The basic principles of anarcho-syndicalism are:
- workers' solidarity,
- direct action
Anarcho-syndicalists believe that only direct action -- that is, action concentrated on directly attaining a goal, as opposed to indirect action, like electing a representative to a government -- will allow workers to liberate themselves.
Furthermore, anarcho-syndicalists believe that workers' organizations -- the organizations which struggle against the wage system and which, in anarcho-syndicalist theory, will eventually form the basis of a new society--should be self-managing. They should not have bosses or "business agents"; rather, the workers should be able to make decisions which effect them amongst themselves.
The Industrial Workers of the World, a once-powerful labor movement, is considered a leading organ of the anarcho-syndicalist philosophy in the United States.

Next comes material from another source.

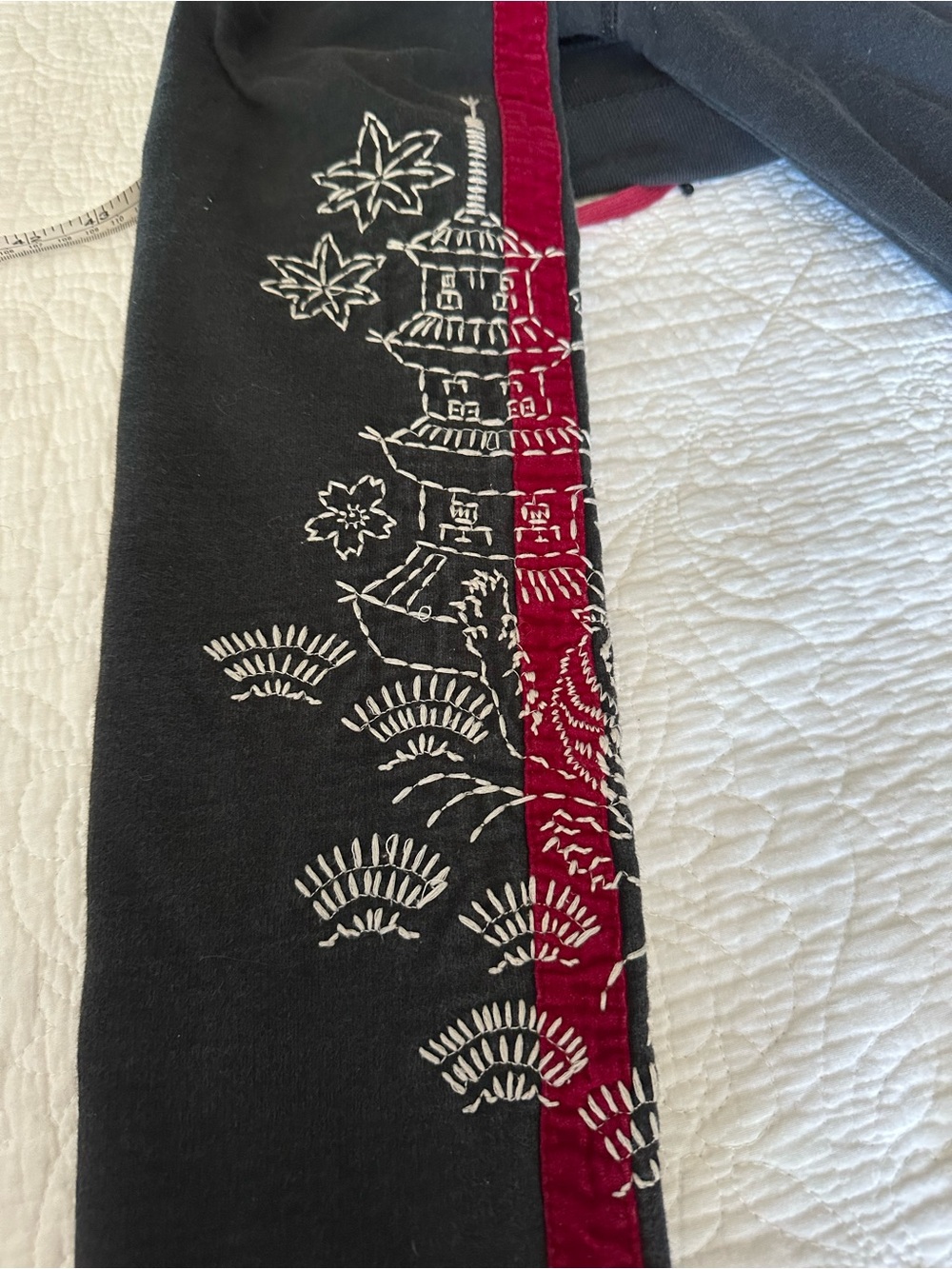 Vintage Lucky Brand Nagoya Tiger Y2K Sweatpants | Embroidered | 34” Inseam | L - Picture 10 of 10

The anarcho-syndicalist orientation of many early American labor unions played a large part in the formation of the American political spectrum. The United States is the only industrialized former English colony to not have a labor-based political party. See, It Didn't Happen Here: Why Socialism Failed in the United States, Seymour Martin Lipset and Gary Marks. ISBN 0-39-332254-8.
Michael Bakunin, one of the fathers of anarchism, wrote
- "The [libertarian labour unions] ... bear in themselves the living seeds of the new society which is to replace the old world. They are creating not only the ideas, but also the facts of the future itself."
- REF: Dolgoff, S. (ed), Bakunin on Anarchism, Montreal; Black Rose Books, 1990, pp. 255.